Dunkirk Town Fortifications

The main walls of Vauban's fortress of Dunkirk were based on the Spanish fortifications constructed in the 1640s. The Spanish trace was formed of 10 bastions in an oval shape surrounding the town, with its medieval walls, and the harbour. By the time the French came into possession of Dunkirk in 1662 there were a number of demi-lunes and a covered way, but most of the outworks were probably still made of earth.

Vauban left the existing bastions mostly as they were, but extensively remodelled the outworks. He moved the demi-lunes further from the main wall, widening the ditch and building a strong covered way. The south-east section of the defences was strengthened even more by a second covered way and a hornwork flanked by two lunettes.

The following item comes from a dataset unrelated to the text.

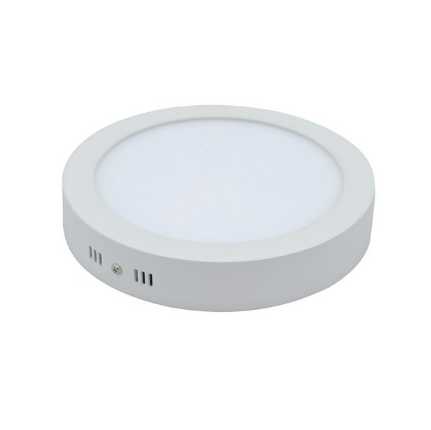 LAMPARA SOBREPONER REDONDA 12W LUZ FRIA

The most vulnerable part of the town's defences was the point where the walls met the harbour mouth. At this point, known as the Tête de Nieuport, an enemy could make use of the sand dunes to move along the shore without being seen from the walls. To offset this weakness, there were extensive cavaliers (extra tiers of guns) on top of the three bastions closest to the dunes. These bastions were also protected by two false brays. The central of these three bastions, the Bastion du Château had a lunette in front of it. The dunes themselves were covered by the Fort de Revers.

The east gate of Dunkirk, called the Porte de Nieuport, was protected by a double demi-lune and the hornwork. To enter by this gate travellers had to cross four bridges over the flooded ditches. This sector of the defences faced ground that was relatively dry and faced towards the frontier (away from France). For these reasons, the area would have made a good approach for an attacking army, which no doubt caused Vauban to add these extra layers of defences.

On the south side of the town stood the main entrance to the fortress, the Porte Royale. This so-called royal gate was embellished with architectural decorations, since it was the gate that the king and other important visitors from Paris were most likely to use. As with the Porte de Nieuport, the Porte Royale was protected by a double demi-lune. There were two guardhouses half-way along the bridge to the gate itself, so that traffic into and out of the fortress could be controlled by the garrison.

Either side of the Porte Royale were two water gates, arches in the wall through which waterways entered the town. These were the Canal de Furnes from the east and the Canal de Bergues from the south. The canals were important for navigation and for maintaining the water level in the flooded ditches around the fortifications. Where the canals crossed a ditch, there was a specical dam, called a "bartardeau" on both sides. The batardeaux had sluice gates which allowed the water levels in the ditches to be controlled. The bartardeaux effectively created bridges across the ditches, so they had a sharp ridge along the top to prevent an attacker from using them to reach the walls. In the centre of each batardeau was a "dame", a wide round pillar that formed a barrier to anyone trying to cross it.

Before entering the town, the two canals ran parallel for a short distance. The ground between the canals was the site of an advanced covered way and an earthwork defence line. Outer layers of defences and isolated outworks like this were a feature of Dunkirk's fortifications. The goal was to protect key waterways and delay the enemy as much as possible during a siege.

Inside the town itself, the old medieval walls on the landward side were demolished to make room for more houses. Next to the harbour the medieval wall was left in place, perhaps so that traffic to and from the quays would have to pass through the gates and could be controlled more easily.

At the edges of the town, just behind the ramparts, a series of barrack buildings were construced. The barracks provided permanent accommodation for the garrison, which had previously been billeted with the townspeople. Their location close to the walls meant that the soldiers could be deployed quickly in case of an attack. Similarly, many of the bastions were equipped with their own small gunpowder magazine. In a large fortress like Dunkirk the distance to the main magazine could be significant, so these so-called "ready magazines" were a way of safely storing the powder close to where it was needed.